_ASSIGNED TASK_:
Pull every line with the word "Read" out of the entries below.

_MATERIAL FOR THE TASK_:
━━━━━━━━━━━━━━━━━━━━

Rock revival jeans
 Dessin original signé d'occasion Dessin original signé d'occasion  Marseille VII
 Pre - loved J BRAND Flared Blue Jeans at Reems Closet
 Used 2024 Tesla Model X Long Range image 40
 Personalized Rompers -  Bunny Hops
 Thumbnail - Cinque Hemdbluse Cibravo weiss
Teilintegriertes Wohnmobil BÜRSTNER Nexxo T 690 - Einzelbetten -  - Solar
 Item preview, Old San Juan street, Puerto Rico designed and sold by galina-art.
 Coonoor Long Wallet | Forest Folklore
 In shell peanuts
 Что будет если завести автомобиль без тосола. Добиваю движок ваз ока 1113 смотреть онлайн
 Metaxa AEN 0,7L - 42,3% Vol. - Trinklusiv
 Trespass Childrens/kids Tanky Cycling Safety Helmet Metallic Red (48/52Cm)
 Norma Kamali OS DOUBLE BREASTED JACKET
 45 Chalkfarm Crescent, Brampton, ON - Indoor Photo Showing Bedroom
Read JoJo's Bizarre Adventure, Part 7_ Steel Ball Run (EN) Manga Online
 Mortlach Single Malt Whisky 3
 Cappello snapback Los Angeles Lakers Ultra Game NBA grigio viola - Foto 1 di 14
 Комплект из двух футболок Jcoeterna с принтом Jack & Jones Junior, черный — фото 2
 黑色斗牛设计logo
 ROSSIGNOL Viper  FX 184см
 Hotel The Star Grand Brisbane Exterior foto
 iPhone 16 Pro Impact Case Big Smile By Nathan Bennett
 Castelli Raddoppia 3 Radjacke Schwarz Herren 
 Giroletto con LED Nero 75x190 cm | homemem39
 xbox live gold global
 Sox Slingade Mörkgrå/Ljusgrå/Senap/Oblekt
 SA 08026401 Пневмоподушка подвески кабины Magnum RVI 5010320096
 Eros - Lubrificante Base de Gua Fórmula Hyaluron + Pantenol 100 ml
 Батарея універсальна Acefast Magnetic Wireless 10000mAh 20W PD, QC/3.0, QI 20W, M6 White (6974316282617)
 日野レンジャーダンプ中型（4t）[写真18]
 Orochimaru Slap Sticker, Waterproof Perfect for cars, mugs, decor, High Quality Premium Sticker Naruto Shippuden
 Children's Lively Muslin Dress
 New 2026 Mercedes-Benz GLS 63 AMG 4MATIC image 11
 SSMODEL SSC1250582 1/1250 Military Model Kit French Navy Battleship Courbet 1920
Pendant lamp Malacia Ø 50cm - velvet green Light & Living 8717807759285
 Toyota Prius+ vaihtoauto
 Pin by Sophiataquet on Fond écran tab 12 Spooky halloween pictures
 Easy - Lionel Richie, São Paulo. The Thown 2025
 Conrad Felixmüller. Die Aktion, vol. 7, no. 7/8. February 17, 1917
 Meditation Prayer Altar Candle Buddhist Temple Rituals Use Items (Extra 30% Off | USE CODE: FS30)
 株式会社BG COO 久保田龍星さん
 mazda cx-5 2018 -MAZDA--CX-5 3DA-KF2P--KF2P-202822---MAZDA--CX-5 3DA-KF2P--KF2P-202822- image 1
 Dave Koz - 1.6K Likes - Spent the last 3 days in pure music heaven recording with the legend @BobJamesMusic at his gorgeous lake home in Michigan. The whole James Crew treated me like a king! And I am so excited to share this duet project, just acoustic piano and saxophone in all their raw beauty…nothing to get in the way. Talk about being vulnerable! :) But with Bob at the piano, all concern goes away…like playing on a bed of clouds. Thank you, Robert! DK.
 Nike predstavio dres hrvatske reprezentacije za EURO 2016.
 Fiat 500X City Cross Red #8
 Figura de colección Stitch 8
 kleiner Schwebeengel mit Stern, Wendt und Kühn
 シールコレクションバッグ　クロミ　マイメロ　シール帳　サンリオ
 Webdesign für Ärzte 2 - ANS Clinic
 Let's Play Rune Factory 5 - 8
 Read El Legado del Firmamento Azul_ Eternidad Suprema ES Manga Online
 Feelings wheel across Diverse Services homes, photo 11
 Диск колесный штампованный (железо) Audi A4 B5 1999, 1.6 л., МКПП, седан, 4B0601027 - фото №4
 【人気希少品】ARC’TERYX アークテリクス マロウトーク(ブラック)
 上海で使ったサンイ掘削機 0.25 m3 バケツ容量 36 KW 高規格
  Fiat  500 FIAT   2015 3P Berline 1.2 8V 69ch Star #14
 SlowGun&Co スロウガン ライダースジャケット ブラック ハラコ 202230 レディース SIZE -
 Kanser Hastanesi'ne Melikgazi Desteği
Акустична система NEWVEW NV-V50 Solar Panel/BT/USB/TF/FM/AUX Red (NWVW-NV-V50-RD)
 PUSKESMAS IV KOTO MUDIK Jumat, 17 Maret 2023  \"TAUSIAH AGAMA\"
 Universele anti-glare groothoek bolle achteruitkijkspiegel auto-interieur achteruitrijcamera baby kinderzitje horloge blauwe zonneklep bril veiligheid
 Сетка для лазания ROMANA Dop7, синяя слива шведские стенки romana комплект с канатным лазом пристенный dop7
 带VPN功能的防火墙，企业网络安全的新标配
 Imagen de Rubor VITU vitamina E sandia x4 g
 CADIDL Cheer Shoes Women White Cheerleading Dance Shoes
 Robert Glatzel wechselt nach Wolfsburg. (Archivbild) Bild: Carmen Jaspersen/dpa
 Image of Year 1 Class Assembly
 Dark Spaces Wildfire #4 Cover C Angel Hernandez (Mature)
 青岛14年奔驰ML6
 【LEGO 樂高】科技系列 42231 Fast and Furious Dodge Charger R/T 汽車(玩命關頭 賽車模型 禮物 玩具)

━━━━━━━━━━━━━━━━━━━━

_EXERCISE RESPONSE_:
Read JoJo's Bizarre Adventure, Part 7_ Steel Ball Run (EN) Manga Online
 Read El Legado del Firmamento Azul_ Eternidad Suprema ES Manga Online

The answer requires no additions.